Monday 19 November 2012

The Gaza clash escalates with the deadliest Israeli strike

Bernat Armangue/the Associated Presssmoke rose over Gaza City on Sunday, as Israel extended its range of targets to include buildings used by the news media.

CAIRO — Emboldened by Islamists growing power around the region, the Palestinian militant group Hamas called for new Israeli concessions to its security and independence before it stops its rocket attacks on Israel, even as the conflict took a growing toll on Sunday.

A look at violence in Gaza, a woman and her child took cover in the southern Israeli city of Ashod, which was the target of several rockets on Sunday.

After five days of punishing Israeli air strikes on the Hamas-controlled Gaza Strip and no letup in rocket fire in return for Israel and Hamas representatives met separately with Egyptian officials in Cairo on Sunday for indirect talks on a cease-fire.

The talks came as an Israeli bomb hit a house in Gaza on Sunday afternoon, killing 11 people in the deadliest single strike since the conflict between Israel and Hamas escalated on Wednesday. The strike, along with several others who killed civilians across the Gaza Strip, signaled that Israel extends its range of targets on the fifth day of the campaign.

At the end of the day, Gaza health officials reported that 70 Palestinians had been killed in air strikes since Wednesday, including 20 children, and that 600 had been wounded. Three Israelis have been killed and at least 79 wounded by persistent rocket fire from Gaza into southern Israel and as far north as Tel Aviv.

Hamas, poorly armed banditry disguised cruise on the battlefield, seemed to try to take advantage of its increased political clout with its ideological allies in Egypt's new Islamic-led Government. The Group's leaders reject Israel's call for an immediate end to rocket attacks have instead established sweeping requirements, which would put Hamas in a stronger position than when the conflict began: cessation of Israel's five-year-old embargo of the Gaza Strip, a promise that Israel not to attack again and multinational guarantees that Israel would meet its commitments.
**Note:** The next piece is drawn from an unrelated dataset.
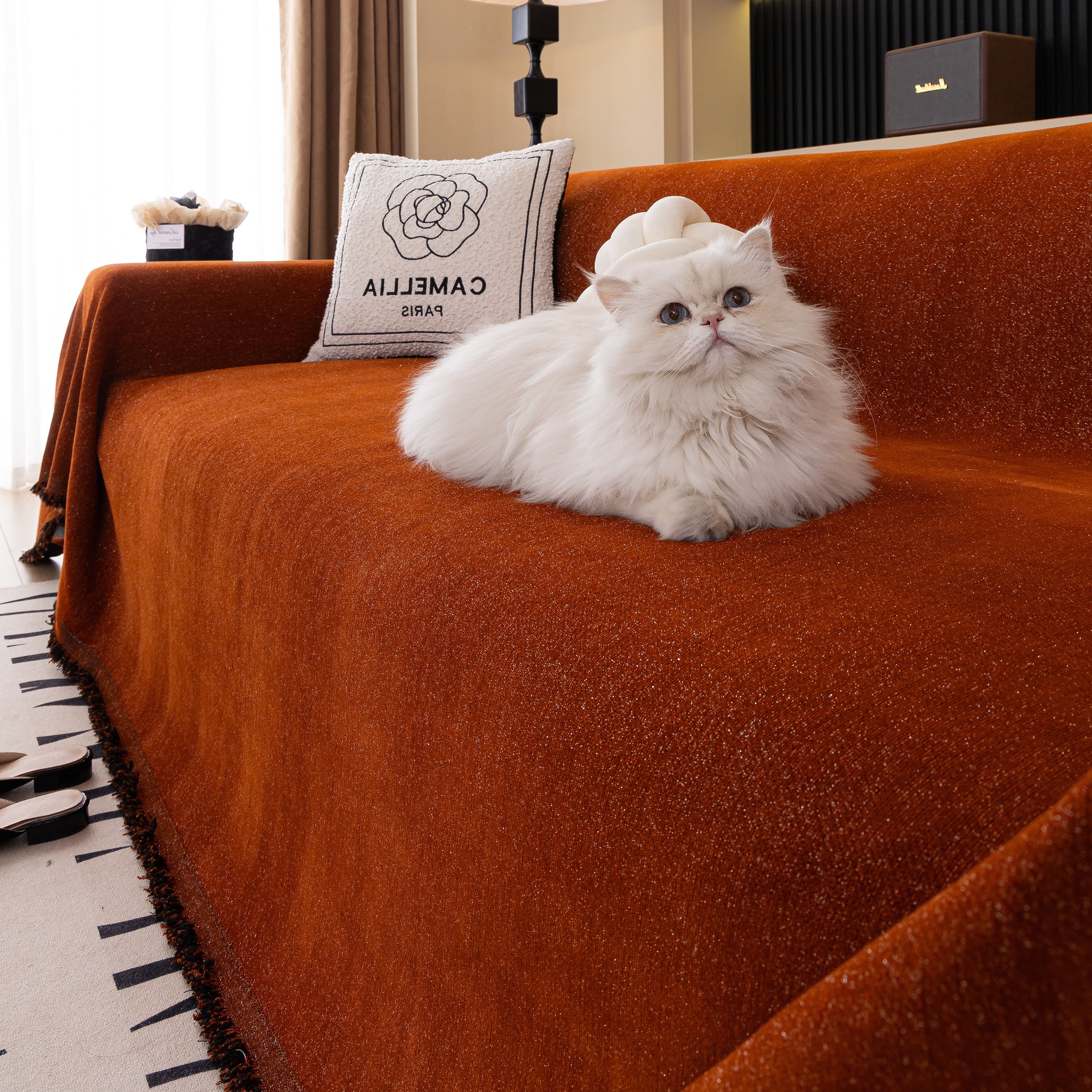 Solid Color Chenille Sofa Cover Blanket Furniture Covers for Sofas and Loveseats
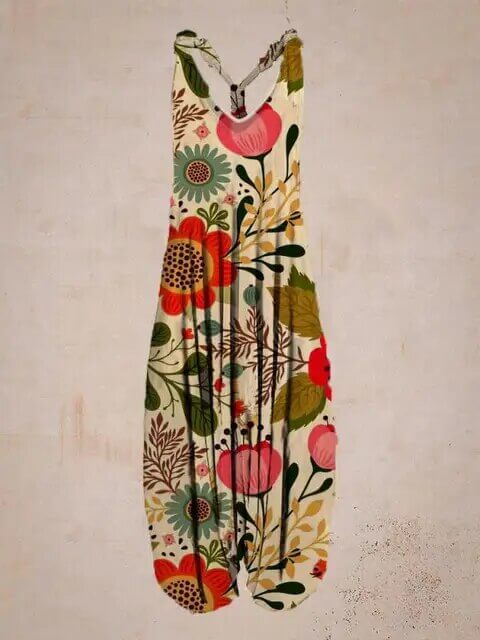 Women's summer boho jumpsuit, sleeveless and comfortable for vacation.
Prime minister Benjamin Netanyahu of Israel stabbed his demand that all rocket fire ceases before the air campaign leaves, and Israeli tanks and troops remained lined up outside Gaza on Sunday. Tens of thousands of reserve troops had been called. "The Army is prepared to expand the operation considerably," Mr. Netanyahu said at the start of a cabinet meeting.
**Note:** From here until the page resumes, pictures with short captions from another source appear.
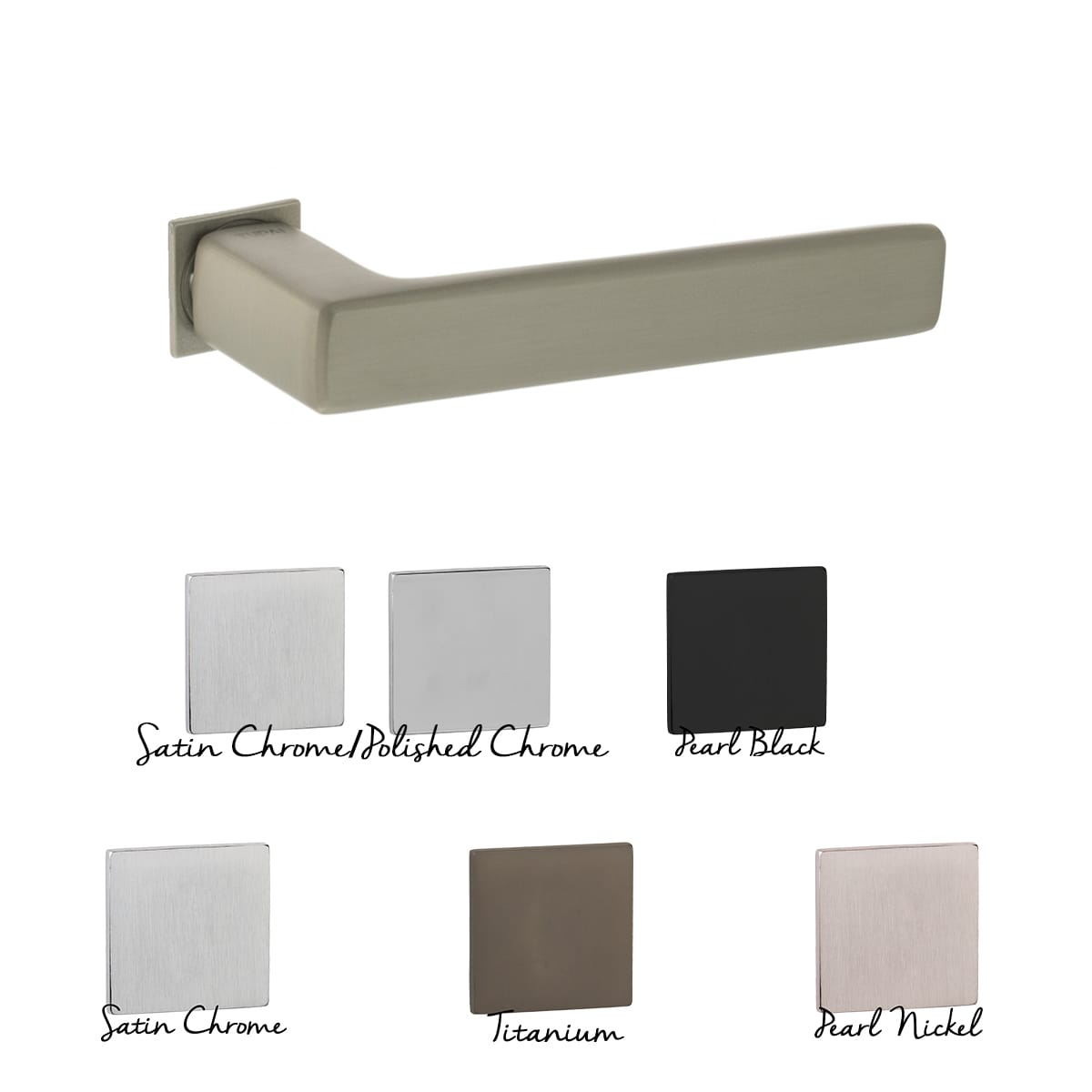 Tupai Exclusivo 5S Line Portel Lever Door Handle on Concealed Square Rose - Polished Chrome - additional image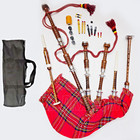 Highland Bagpipes Silver Mounts Royal Stewart Cover With Keychain   Carry Bag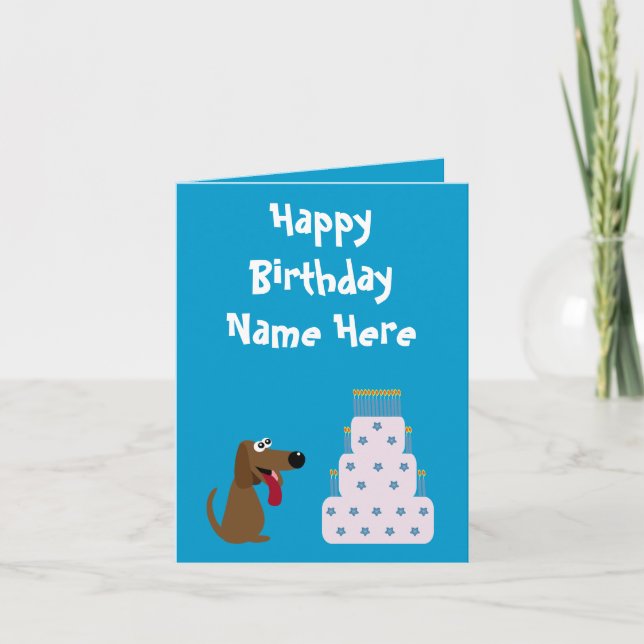 Cute Hund & Cake Birthday Animal Charity Blue Kort (Framsida)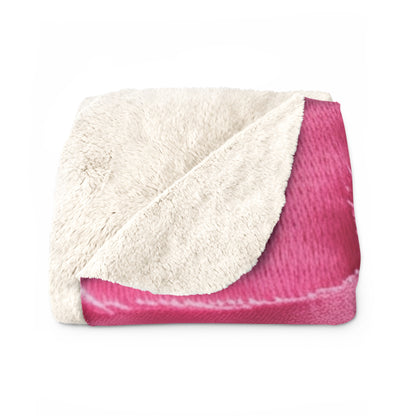 Distressed Neon Pink: Edgy, Ripped Denim-Inspired Doll Fabric - Sherpa Fleece Blanket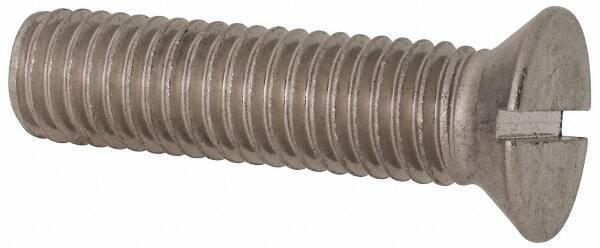 Value Collection - 1/2-13 UNC, 2" OAL Slotted Drive Machine Screw - Flat Head, Grade 316 Stainless Steel, Uncoated, Without Washer - Apex Tool & Supply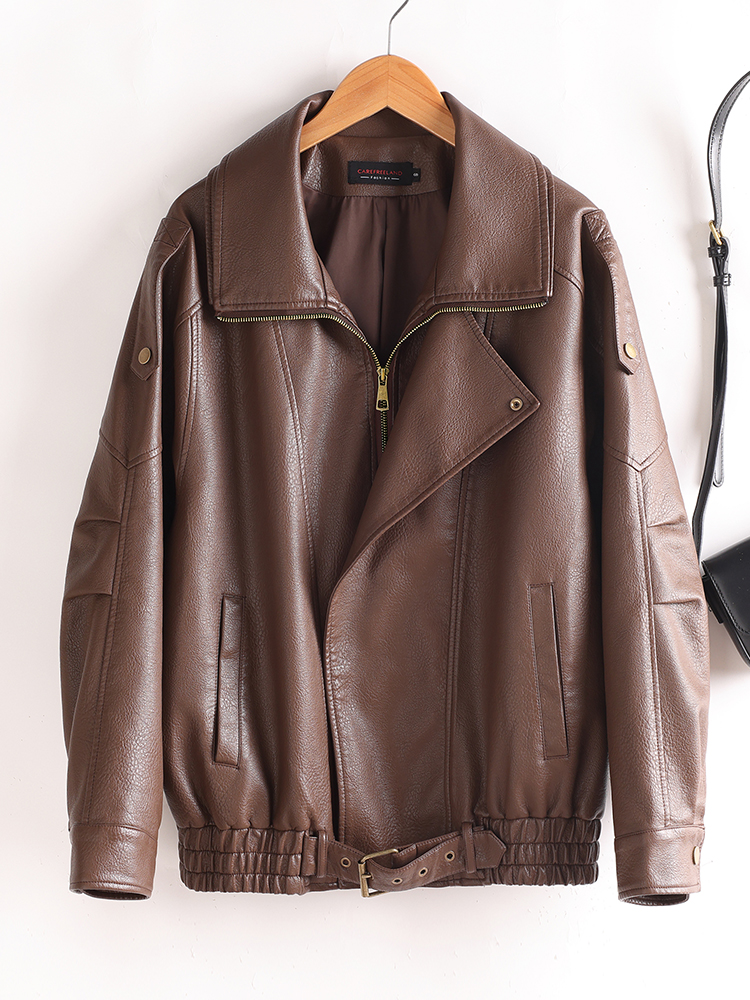 Classic Brown Leather Jacket for Elegant Women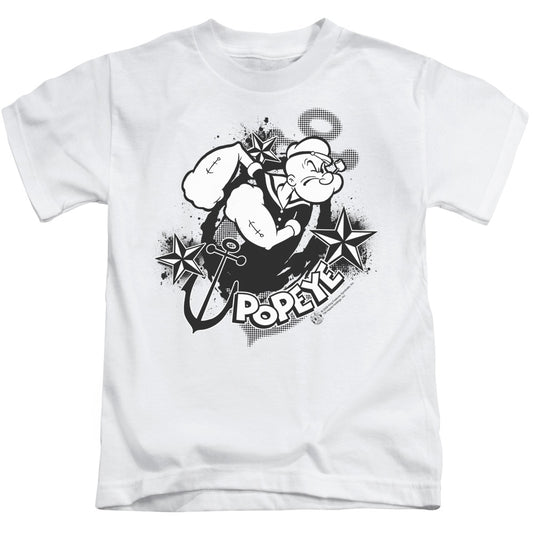 Popeye Stars And Anchor Juvenile Kids Youth T Shirt White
Reda Fahmy, a member of Egypt's House of Lords of Parliament, and of the nation's dominant Islamic party, resulting from the negotiations, said the attitude was equally unequivocal Hamass. "Hamas has a clear and precise requirements: for the siege lifted completely from Gaza," he said. "It is not reasonable that every now and then Israel decides to level the Gaza with the Earth, and so we decide to sit down and talk about it when it is done. On the Israeli side, they want to stop the missiles from one side. How is it? "

He added: "if they stop the aircraft from shooting, Hamas will then stop its missiles. But the violence could not be stopped from one side. "

Hamas aggressive attitude in the negotiations a cease-fire is the first test of the Group's belief that the Arab spring and the increase of Islamic influence around the region has strengthened his political hand, both against Israel and Palestinian rivals, Hamas, which now controls the West Bank, with Western backing.

It also puts intense new pressure on President Mohamed Morsi of Egypt, a former leader of the Muslim Brotherhood, who was known for his fiery speeches defending Hamas and condemning Israel. Mr. Morsi must now strike a balance between the conflicting demands of an Egyptian public, which is deeply sympathise with Hamas and the Palestinian case against the Western pleadings to help broker a peace and Egypt's need for regional stability to revive its moribund economy.

Actually illustrates the Egyptian-led truce talks the divergent paths of the Muslim Brotherhood and Hamas, a Palestinian offshoot of the original Egyptian Islamist group. Hamas has evolved into a more militant insurgents and called a terrorist organization by the United States and Israel, while the Brotherhood has effectively been Egypt's ruling party. Mr. Fahmy said in an interview in March that Brotherhoods new responsibilities required a step back from its ideological cousins in Hamas, and even a new push to convince the group to compromise.

Reporting was contributed by Ethan Bronner and Isabel Kershner, Irit Pazner Garshowitz from Jerusalem, and Peter Baker from Bangkok.